Life on the race track and on the catwalk in cities is very different to the life you lead now, what lured you to the city life, and back again?
I was fortunate enough to begin my modelling career at 16 so the work lured me to the city. I had decades of incredible experiences all over the world as a result of this, but it’s not sustainable long-term, especially when you want to settle down and have a family.
As a young, outgoing female going up against some of the men on the track (and beating them), did you face any issues or criticism?
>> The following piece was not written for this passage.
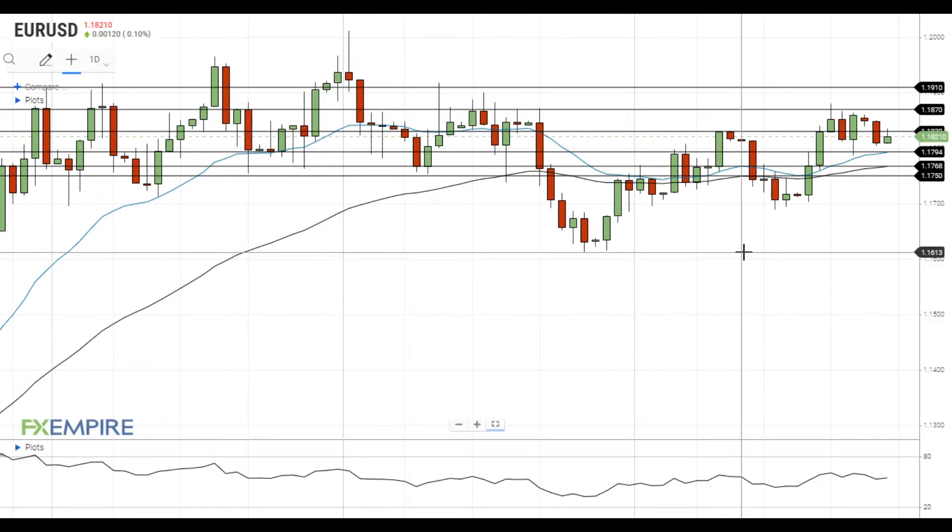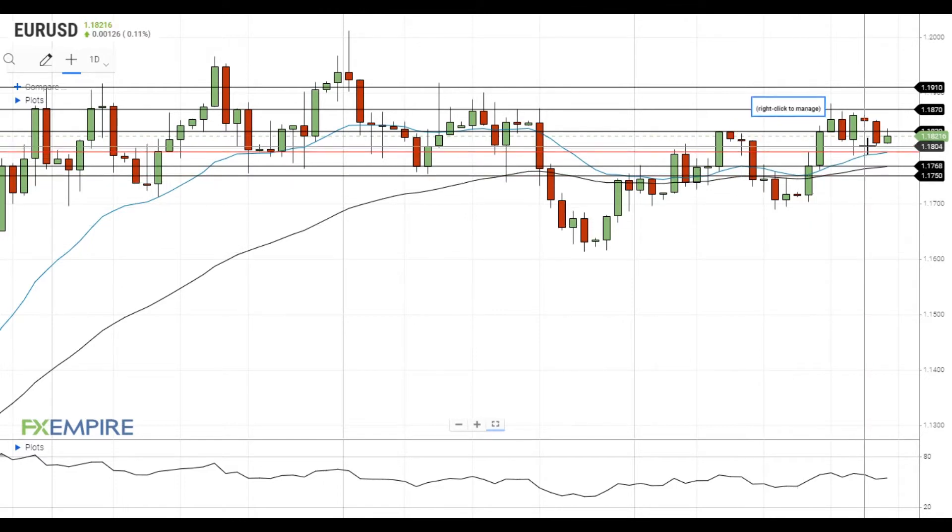EURUSD didn't manage to settle below 1.18 and is trying to get above the nearest resistance level at 1.1830. If this attempt is successful, EURUSD will head towards the resistance at the recent highs at 1.1870. A move above 1.1870 will open the way to the test of the next resistance level at 1.1910.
Absolutely. I was racing in Italy and at the beginning they were saying, ‘Ah bella, lovely, beautiful’ as they overtook me. But when I started getting competitive they couldn’t overtake me and didn’t like it at all — a girl beating them, a blonde girl beating them, a blonde girl model beating them! Mine is a very competitive family. We’ve all been brought up as sportsmen and sportswomen and in sport, to be successful, you have to win. It’s been ingrained from an early age to be winners in life.
Do you have a guilty pleasure?
I’ve always used food purely for fuel, so if I was walking the catwalk I’d have a salad, if I was riding I’d have a bowl of pasta. I’m not the kind of girl who really loves junk food or takeaway, I’d much prefer something wholesome and seasonal, like an autumn apple and berry crumble or something like that!
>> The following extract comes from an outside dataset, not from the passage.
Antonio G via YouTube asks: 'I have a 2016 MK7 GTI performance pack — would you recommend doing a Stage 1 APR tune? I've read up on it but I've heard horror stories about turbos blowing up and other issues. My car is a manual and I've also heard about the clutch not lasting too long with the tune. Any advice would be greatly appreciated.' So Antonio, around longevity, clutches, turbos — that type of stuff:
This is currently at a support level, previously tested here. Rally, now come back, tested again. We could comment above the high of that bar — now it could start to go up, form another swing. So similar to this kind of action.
Will you share with us a career highlight?
My career highlight was when I was presenting at the GQ Man of the Year Awards and sat next to [then-Top Gear presenter] Jeremy Clarkson, and we got chatting about the cars. He said it would be nice to get a woman, a model, to come and do the show, and I ended up breaking the speed record for their ‘Star in a Reasonably Priced Car’ segment. From that moment I knew I was hooked. I loved cars. I ended up having a long career racing for Maserati. It was a lot of fun!
Wellies or heels?
It’s about 50/50 between wellies and high heels, which is a lovely balance.
Has your son Indio caught the horsepower bug… is it engines or equines?
I try to get him out to play sport and do things but he’s addicted to electronic devices! It’s the bane of this generation.
He is still so young and he’s got the biggest heart, he’s incredibly kind and caring so I predict he will be an animal or nature lover but I’m sure he will naturally find his passions as he grows up.
What advice would your give your 23-year-old self?
Keep believing. Be kind and don’t lie. Always trust yourself to be yourself!